IFF Boston Review: 'Stake Land'
Unless you’ve been living under a rock, you’ve probably noticed that vampire franchises like “True Blood” and “Twilight” have sunk their teeth into audiences around the country, creating an army of obsessed fans. While these two series are not the only ones to invade popular culture, it’s clear through the abundance of novels, films, and television shows in the genre, that vampires are at the height of their fame.
In a world oversaturated by these creatures, you may be tired of the fanged fiends, but there’s still hope for interesting tales about them. Take for instance writer/director Jim Mickle’s second feature “Stake Land,” a gritty post-apocalyptic horror movie, which successfully avoids vampire genre clichés, to engage viewers through a mixture of western, road, and zombie film elements.

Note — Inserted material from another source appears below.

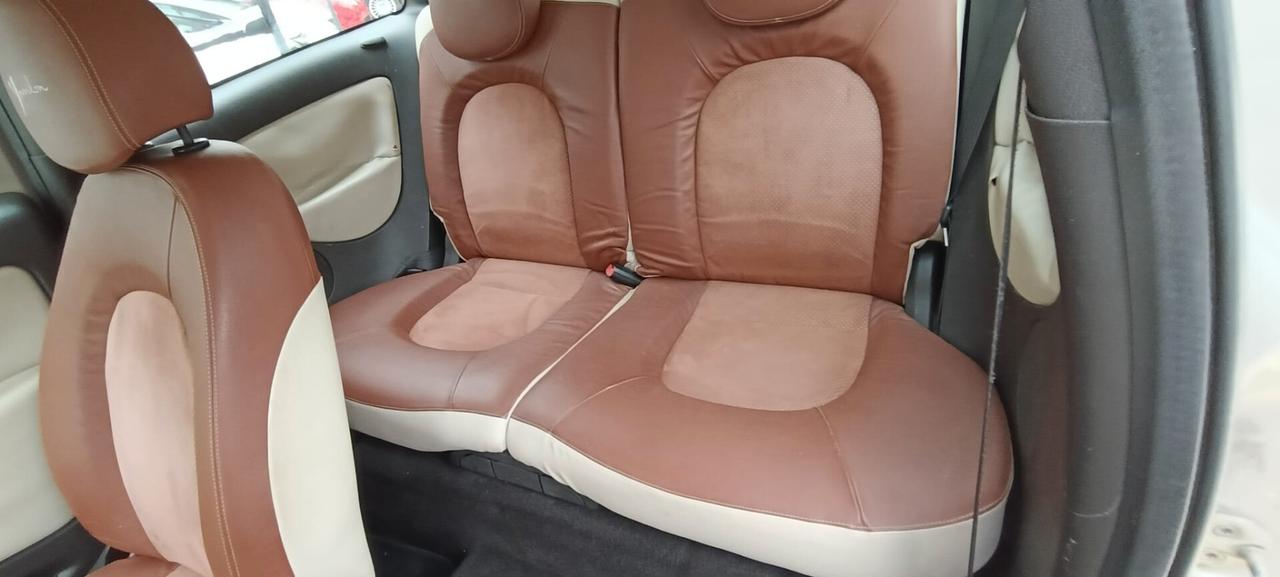 Lancia Ypsilon 1.4 16V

“Stake Land” opens with narration from our protagonist Martin (Connor Paolo), a jaded teenager who speaks to us from a world where organized government has been toppled by bloodthirsty vampires. He flashes us back to when his family attempted to flee the plague, and his parents were killed by these bloodsucking creatures. Thankfully for him, a grizzled stranger that we come to know as Mister (Nick Damici) arrived in the nick of time to save him from the monsters.
Mister takes Martin under his wing after this, showing him how to kill the vampires through staking lessons, and the occasional trial by fire, where Martin must fight the creatures on his own. As the two travel through the American south, they pass through sparse settlements, acquiring supplies and new companions like a nun (Kelly McGillis), a pregnant woman (Danielle Harris), and an African American solider (Sean Nelson).

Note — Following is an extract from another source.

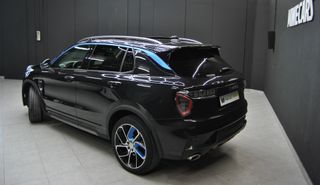 LYNK & CO 01 2021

The group makes their way north with the goal of reaching New Eden, a settlement supposedly unaffected by these horrible creatures. Along the way, they unintentionally cross the Brotherhood, a religious cult determined to conquer anyone who refuses to join their fold. Our heroes become locked in a desperate battle for survival as they continue on their trek, trying to avoid Brotherhood forces and packs of vampires.

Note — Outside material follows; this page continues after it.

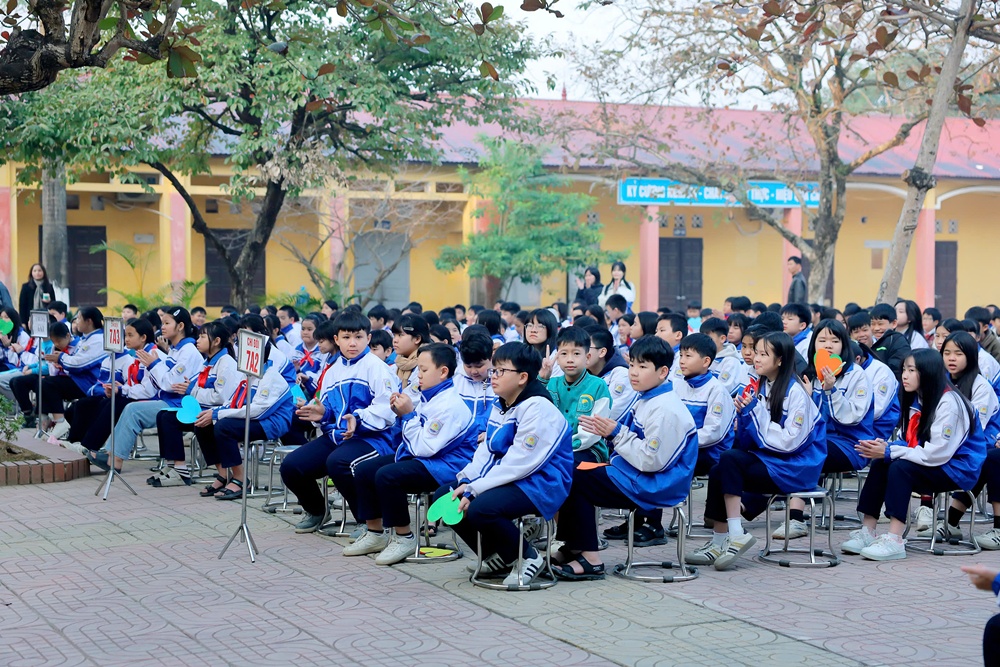 Trường THCS Xuân Mai B tổ chức chương trình giáo dục kỹ năng sống với chủ đề: Hành trang vào đời “Trí tuệ - nhân cách – bản lĩnh.- Ảnh 1.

Director Jim Mickle and his co-writer, Nick Damici, defy genre clichés by creating vampires that don’t fit the traditional mold. Their bloodsuckers are strong, but also ugly and disgusting, dripping vile fluids in the same way zombies do. Silver, holy water, and crosses don’t kill these creatures though; more realistic, brute force methods of staking and destroying their lower brain functions are needed to dispatch them.
Mickle gets you invested in his characters because he focuses on the relationships formed by their journey. He emphasizes their caring for one another and their teamwork to weather harsh conditions together. The relationship he spends the most time on however is the one between Mister and Martin, which is like a father-son bond. Even though there is no blood relation, Mister is like a lone western gunslinger, protecting Martin and teaching him survival skills.
Although “Stake Land,” has some dark moments like other post-apocalyptic films, Mickle’s tale has two lighter elements that separate it from the pack. Since vampires are unable to roam freely during the day, Mickle uses daytime as a safe refuge, where people can unwind and enjoy living. The spirit of human cooperation is also much stronger in “Stake Land,” than other films in the post-apocalyptic genre. Instead of fighting over scarce resources, people band together to establish safe communities. Mickle’s “Stake Land,” gives you hope that even though things are bleak, that people will regain control someday.